Attorney Mark Clark: "We live in a highly competitive world where highly paid executives and business persons gain access to corporate trade information and knowledge, customer lists and other proprietary information. Unlike prior times, these executives and other employees are highly mobile, moving between companies and jobs, even between competitors. Michigan courts and the Michigan legislature have recently tried to deal with the realities of our 21rst century marketplace in dealing with the enforceability of non-compete agreements."
If you have an issue involving non-compete agreements, confidentiality agreement, trade secret theft, customer list theft or breach of fiduciary duties by corporate mangers, officers or owners, our lawyers can provide you the legal advice you need to fully protect your rights. Contact us today at 866.936.7447 (international toll free) or send us an email for a no-risk consultation.

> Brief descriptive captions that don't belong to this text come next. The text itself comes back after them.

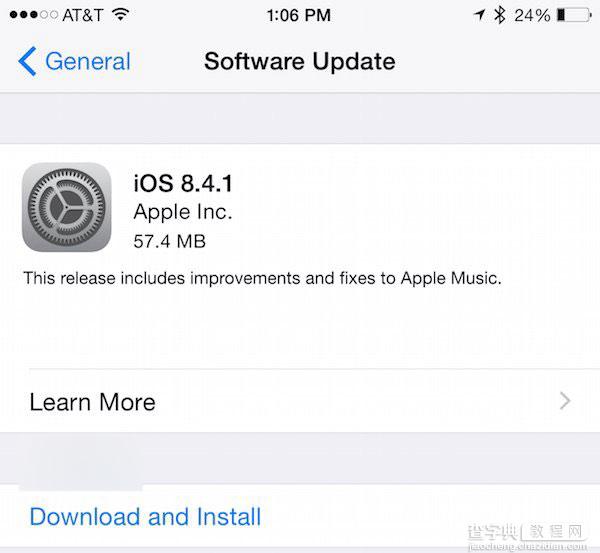 苹果发布iOS8.4.1正式版固件 改进Apple Music 修复bug 封堵越狱漏洞1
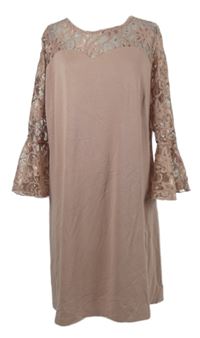 Dámské růžové šaty s krajkovými rukávy Bodyflirt 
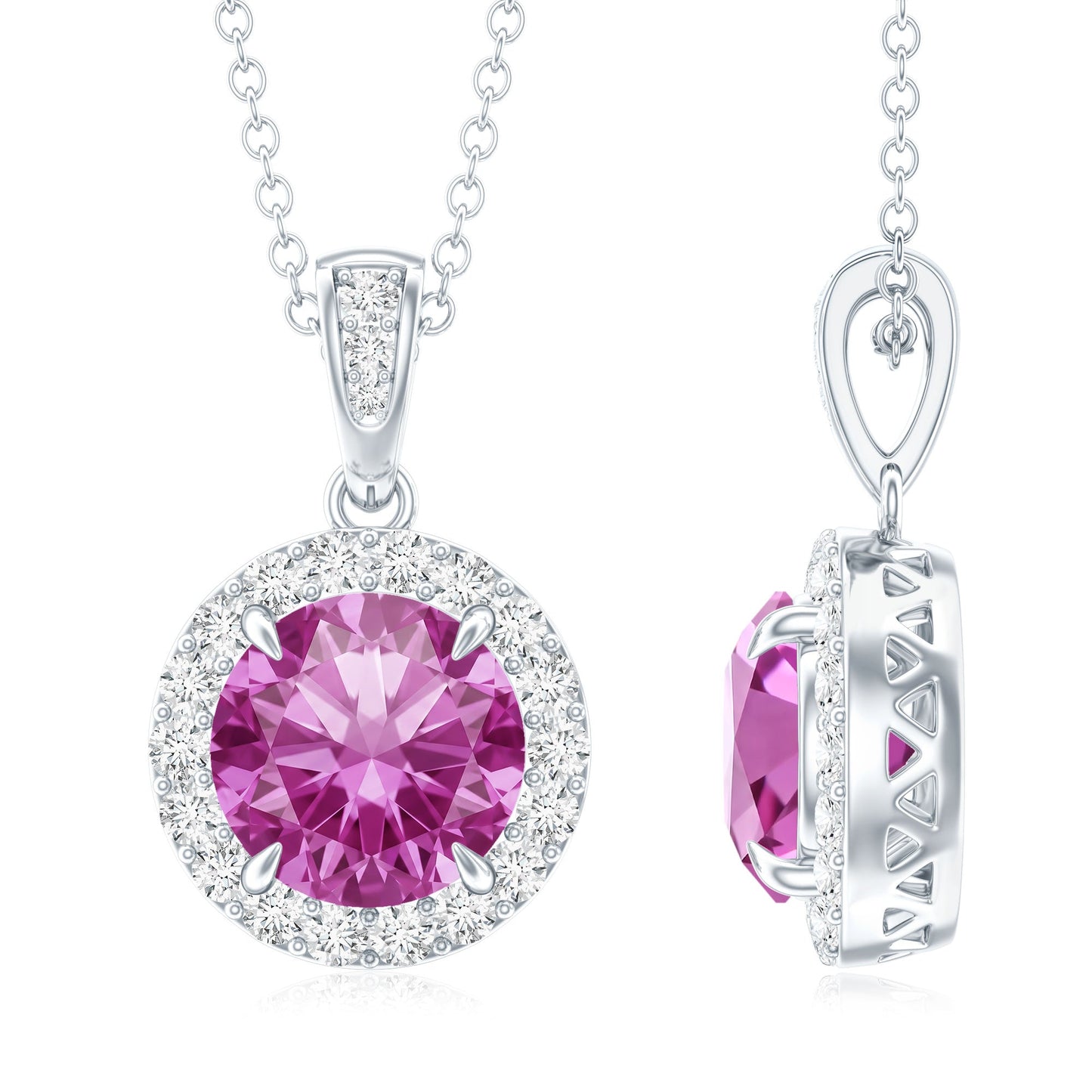 2.2 Carat Round Cut Lab Created Pink Sapphire and Diamond Necklace with Certificate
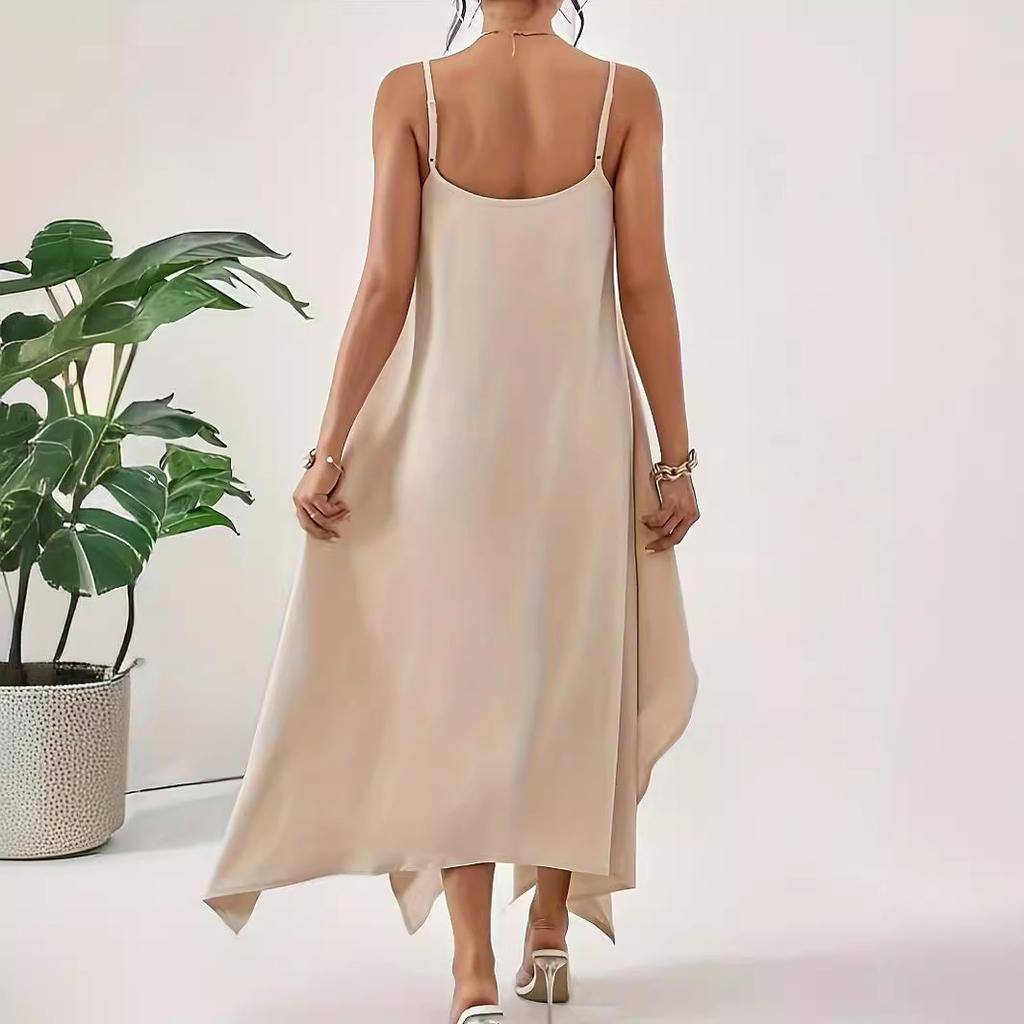 Women's Solid Color Spaghetti Strap Irregular Hem Maxi Dress Loose Sleeveless Casual Long Sundress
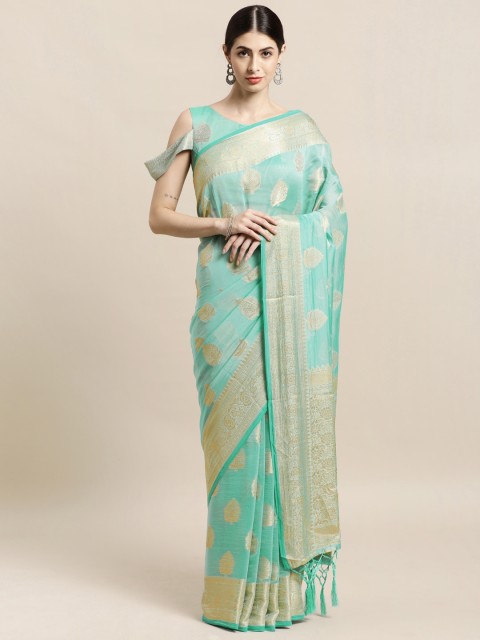 

Tikhi Imli Blue Woven Design Saree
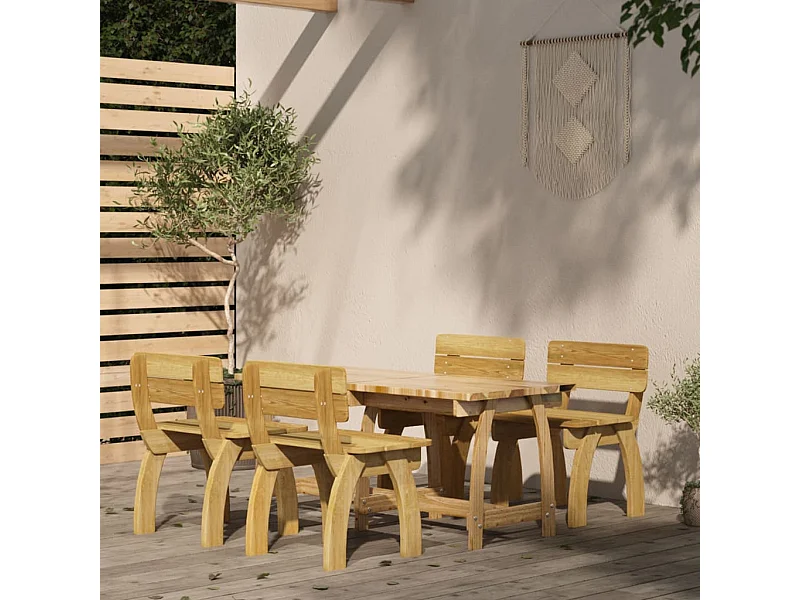 Mobilier de salle à manger de jardin 5 pcs Bois de pin imprégné 2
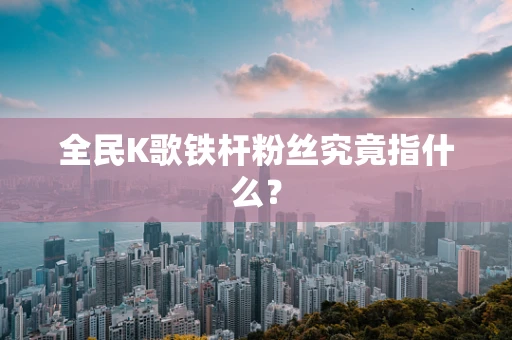 全民K歌铁杆粉丝究竟指什么？
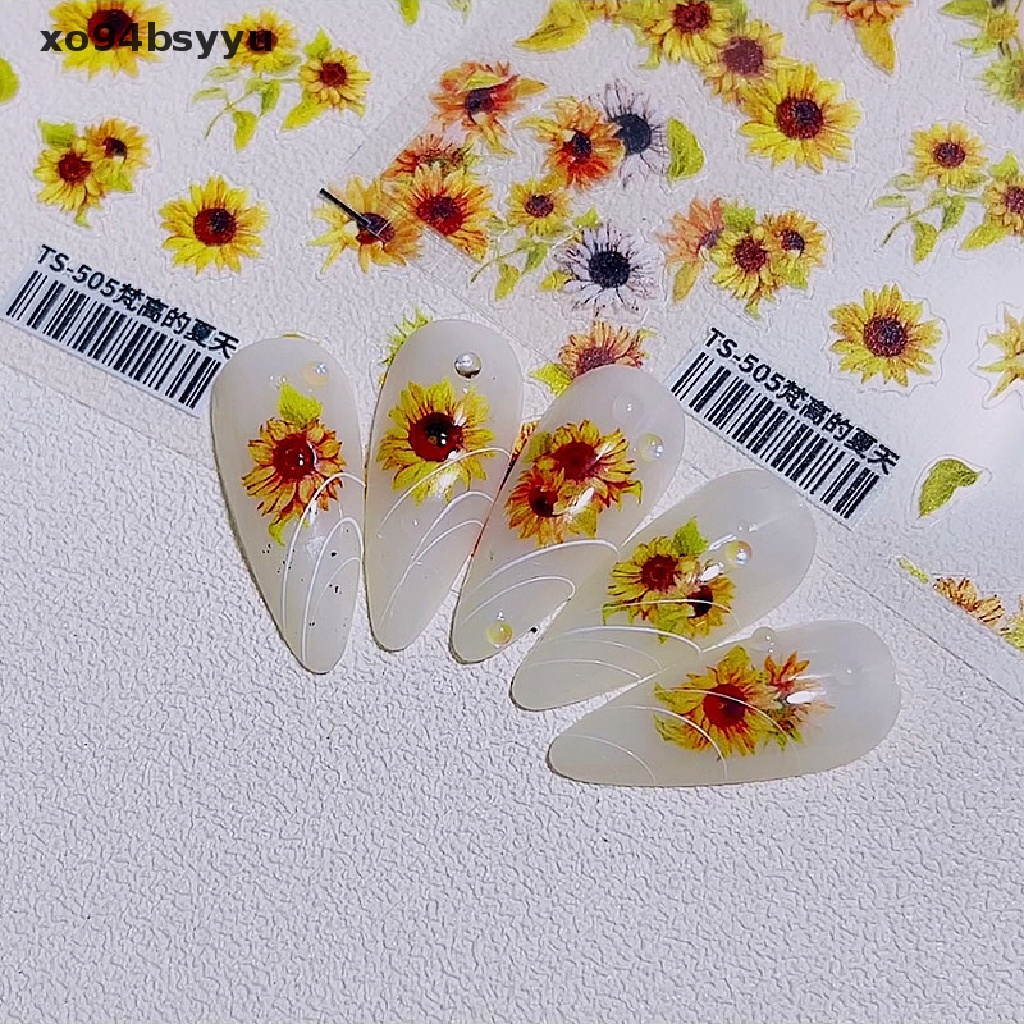 1 Tờ Sticker Dán Móng xo94bsyyu Hình Hoa Hướng Dương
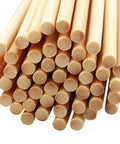 Smooth 16 Inch Round Bamboo Dowels Quarter Inch Diameter Natural Wood Sticks For Crafting Model Building Floral Arrangements And Diy Projects Bulk Pack Of 50, close-up of ends.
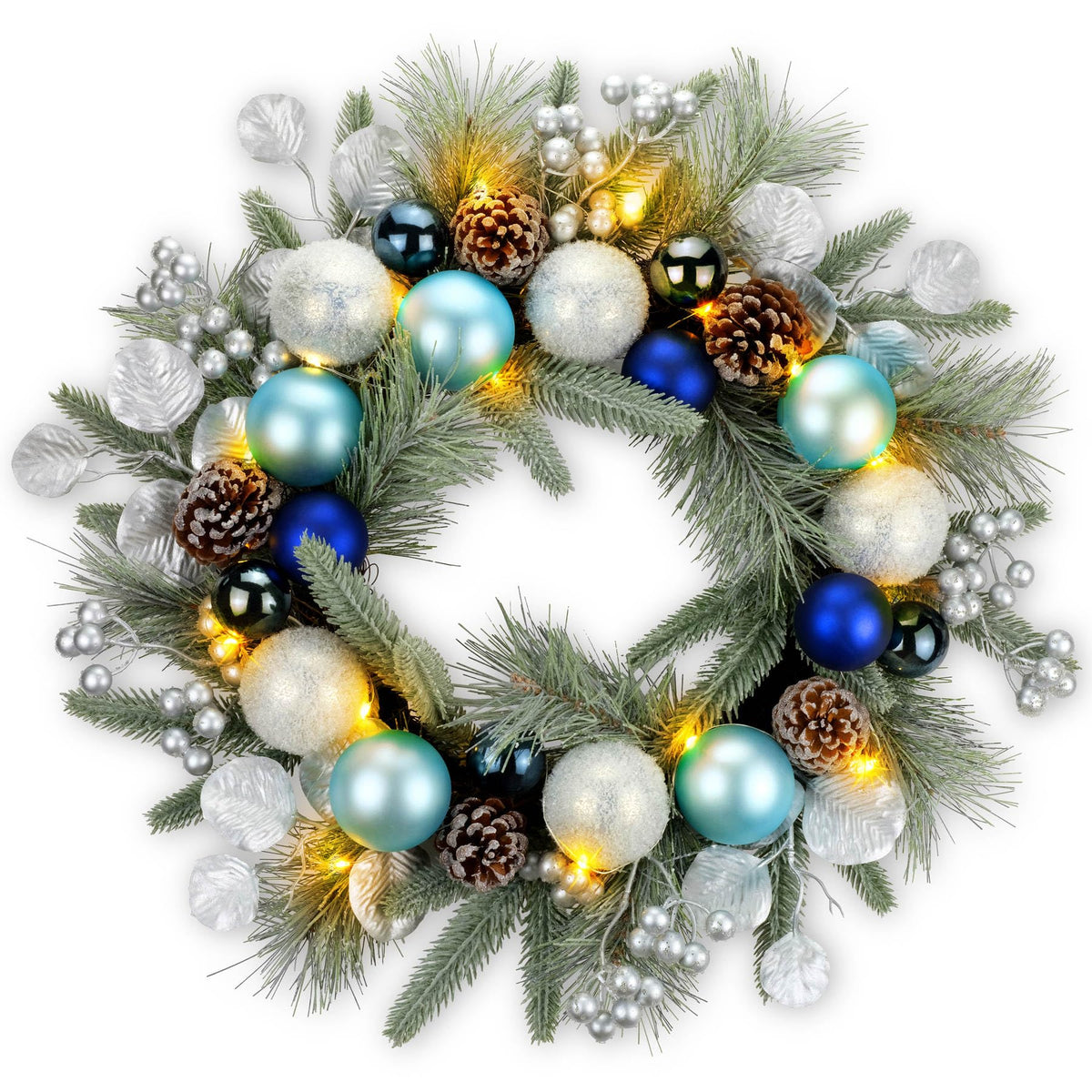 YULETIME front view wreath with blue baubles creating welcoming curb appeal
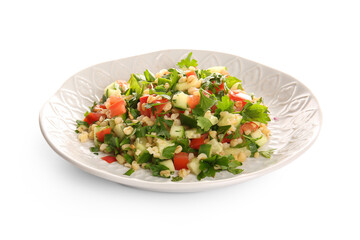 Plate with delicious tabbouleh salad on white background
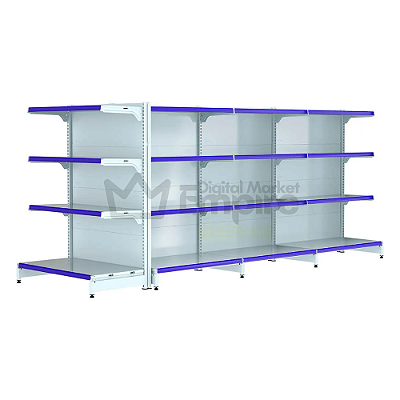 KIT 4 GÔNDOLAS DE AÇO FIT 40 CENTRO ALTURA 1,37M COMPRIMENTO 3,20M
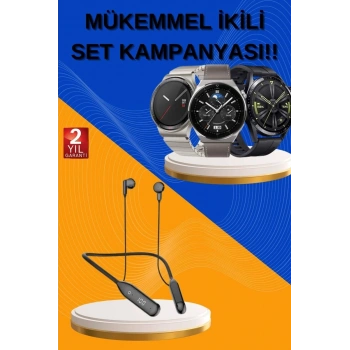 Alarm ve Titreşim Özellikli Akıllı Saat ve Mikrofonlu Kablolu Bluetooth Kulaklık 60 Saat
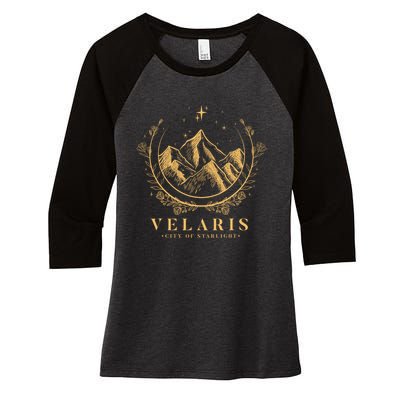 Velaris Mountain Night Sky Stars Women's Tri-Blend 3/4-Sleeve Raglan Shirt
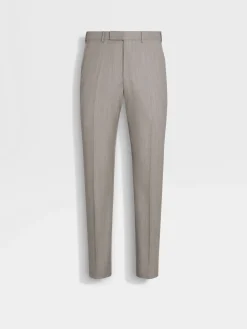 Pants>ZEGNA Centoventimila Wool Pants Beige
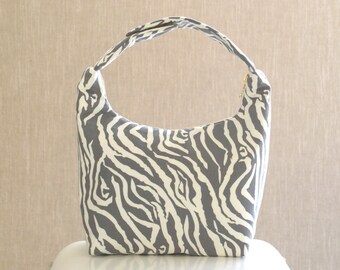 Lunch Bag Insulated, Women Lunch Bag, Women Small Purse,Fabric Lunch Bag, Eco Friendly Lunch Tote, Gray Zebra Print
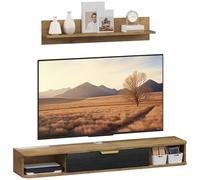 HOMCOM Set di mobili da salotto, mobile TV con ripiano a muro, ante, ripiani aperti, fori per cavi, per televisore a muro, 120x24x16 cm, rovere
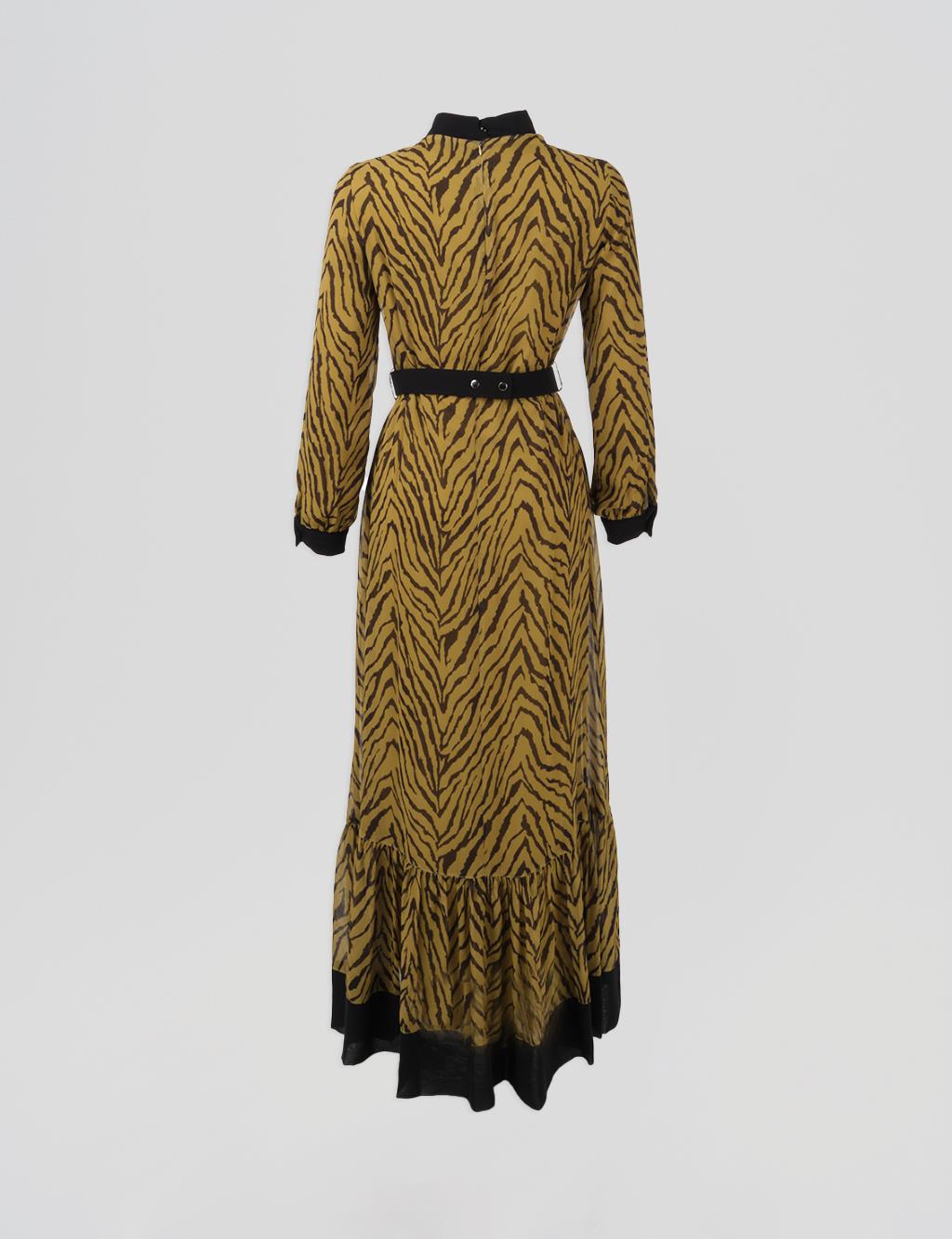 Abstract Patterned Maxi Dress Pistachio Green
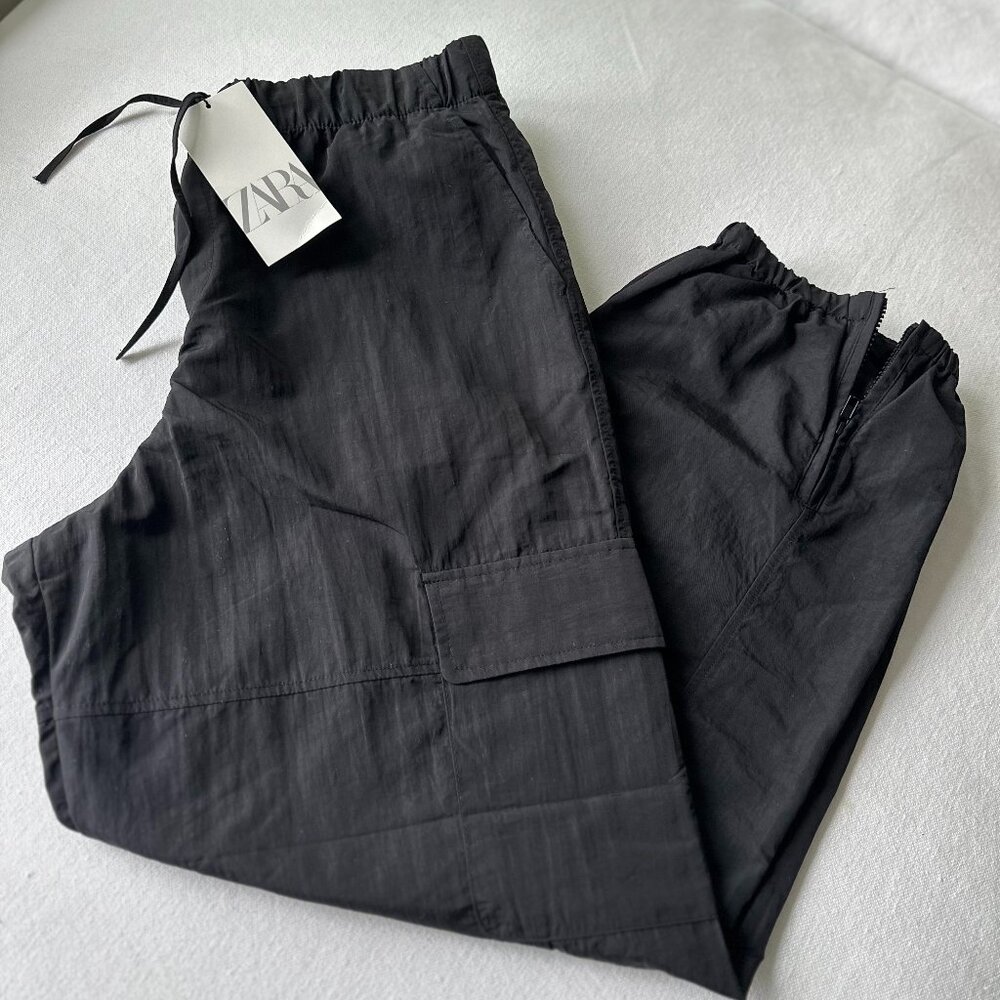 Zara NWT Cargo Black Pants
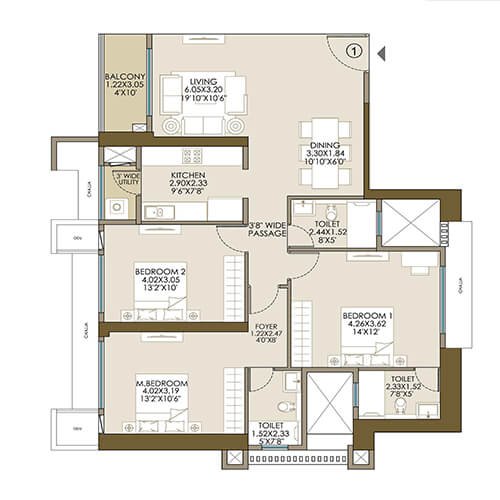 3 BHK Plan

In Michigan, the validity of non-compete agreements is governed by section 4a of the Michigan Antitrust Reform Act, a statute passed by the Legislature in 1987, as well as the many cases interpreting that statute. Together, the statute and the case law set forth the parameters defining those agreements that are enforceable and those that are not. The statute seeks to strike a compromise between the protection of an employer’s competitive business interests and an employee’s right to earn a living. As such, courts interpreting non-compete agreements focus their analysis in four areas:
- The agreement must protect a company’s reasonable competitive business interest. Among the factors in determining whether the agreement protects a reasonable competitive business interest are the employee’s position in the company, compensation paid to that employee and the level and amount of specific competitive information acquired during employment, which may include such areas as trade secrets or special training conferred on the employee.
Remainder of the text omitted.